If you can spare the budget, considering promoting the referral marketing scheme to your existing network. On today’s most popular social networks it’s difficult to reach your entire audience, and paying to make sure your content reaches your fans has become more normal.

Go further by tapping into existing online audiences

tap into influencers to run a social media customer referral scheme

A referral scheme is, essentially, word of mouth. But in 2021, we have another layer of complexity to word of mouth – online influencers and content creators.

Good influencers, working in a quality partnership with your brand, can elevate the profile and sentiment of your company among an enthusiastic user base.

Rather than rely on lots of your existing customers to make referrals, rely on one influential customer to reach lots of them at once.

You will still a need reward budget, but in this case the reward budget will partly go to your influencer as the referring partner. You track referrals from the influencer back onto your site using tracked URLs and custom referral codes.

How to get started

Use a media monitoring service to find customers talking about your brand or products on social media. If they’re positive, speaking to a significant audience, and represent your brand well, reach out.

Establish a quid-pro-quo arrangement. Equip them with the products and resources needed to improve their content around your brand. And be sure to promote their content through your own channels where possible, too.

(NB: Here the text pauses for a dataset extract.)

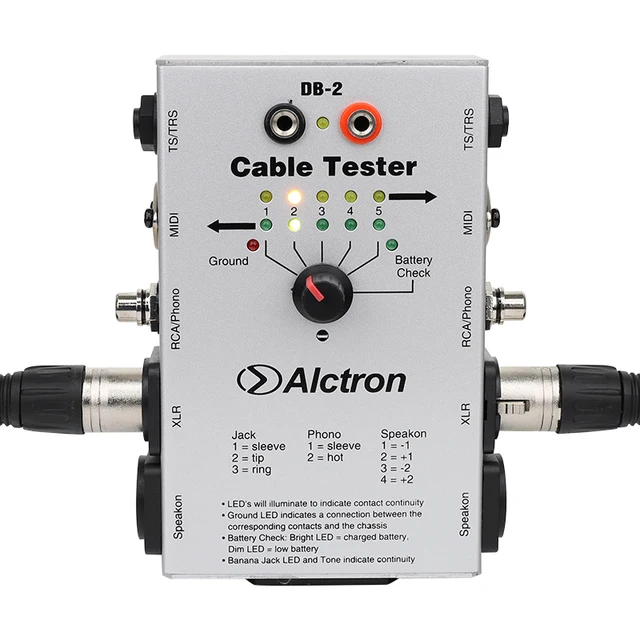 Alctron DB-2 다기능 케이블 테스터: 신뢰할 수 있는 케이블 진단 솔루션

The arrangement puts you in front of an audience with implicit endorsement of someone whose opinion they value. To encourage your customer’s audience to become customers, include discount codes or rewards for any conversions that come from their content.

Can’t find anyone talking about you?

Alternatively, if you don’t know who’s talking about your brand, or you need to get the conversation started, reach out to an influencer service. They work as a go-between to find the right people and get them talking about your brand.

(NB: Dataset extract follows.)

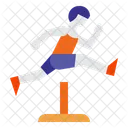 Barriere Zaun Streichholzer Symbol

You work with them to put great content together that reflects your brand in the right light, and they push that content out to existing, enthused audiences.

Tip for advocates:

Make sure anyone you work with makes it clear on their posts you’re sponsoring their content. Being deceptive isn’t just bad for your reputation, it can be illegal.

Incentive platforms for automated referral marketing

Specialised platforms make it easy to run more complicated incentive and referral marketing schemes by taking the need for complicated development work out of the equation.

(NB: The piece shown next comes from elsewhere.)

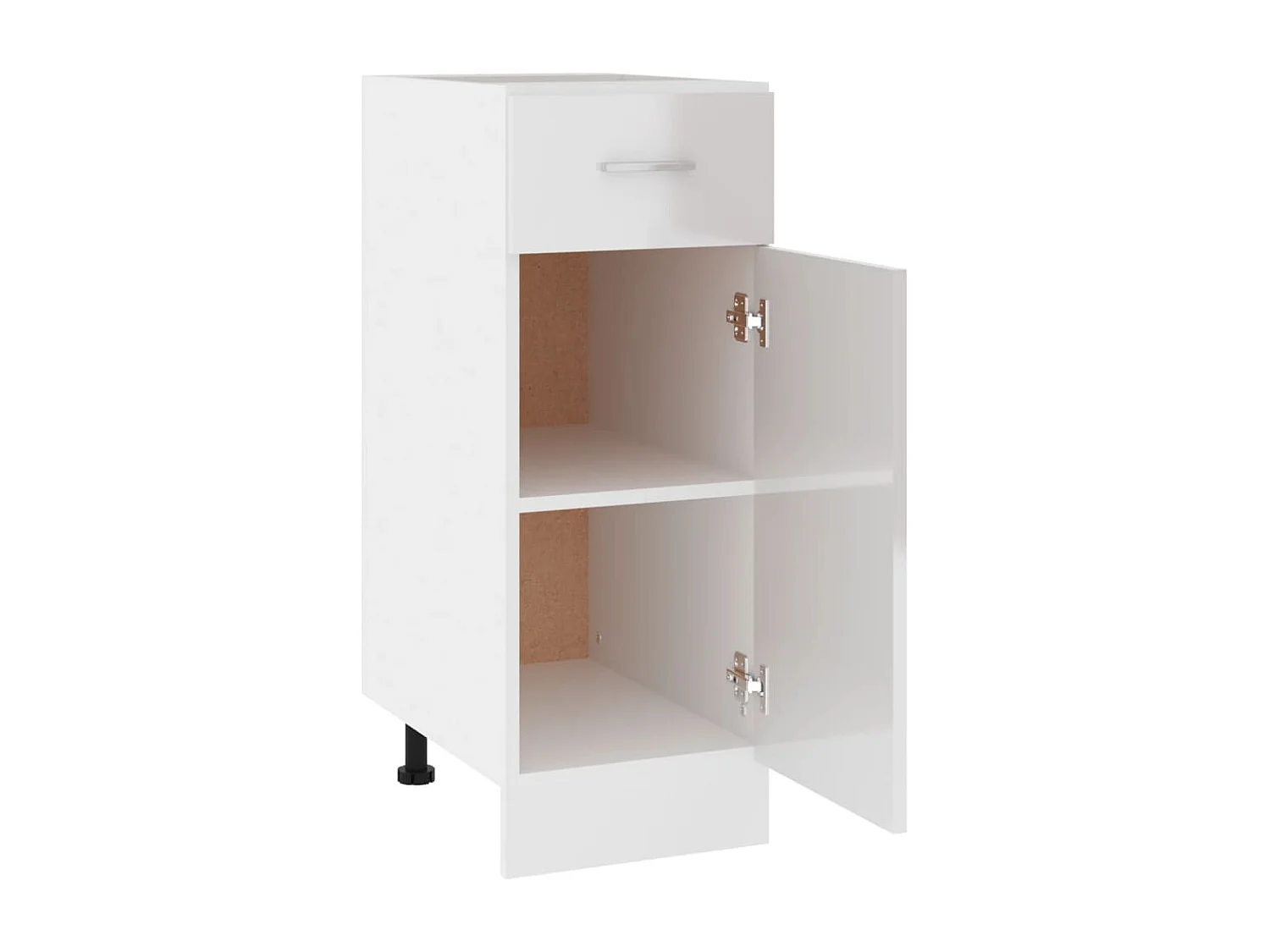 Meuble bas à tiroirs "Lyon" Blanc brillant 30 x 46 x 81,5 cm Bois d'ingénierie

This is ideal if you want to run a customer referral program when you don’t have someone in your company with the skills to put together the emails, web forms, databases, and landing pages required.

Platforms make incentives simple

Use a referral platform, like our own Engage platform, to send out a referral request to your email database.

Depending on the platform you use, the process will be different. The luxury of having the process taken care of by the platform is you can focus on the referral basics, like how you’re going to communicate the scheme to your audience, and how you’re going to reward them referring new customers for you.

Get your audience right, get your messaging right, and get your rewards right. Then let the scheme go and catch your new business.

Engage loyalty and rewards platform

Drives sales, referrals and loyalty with our market-leading incentive platform.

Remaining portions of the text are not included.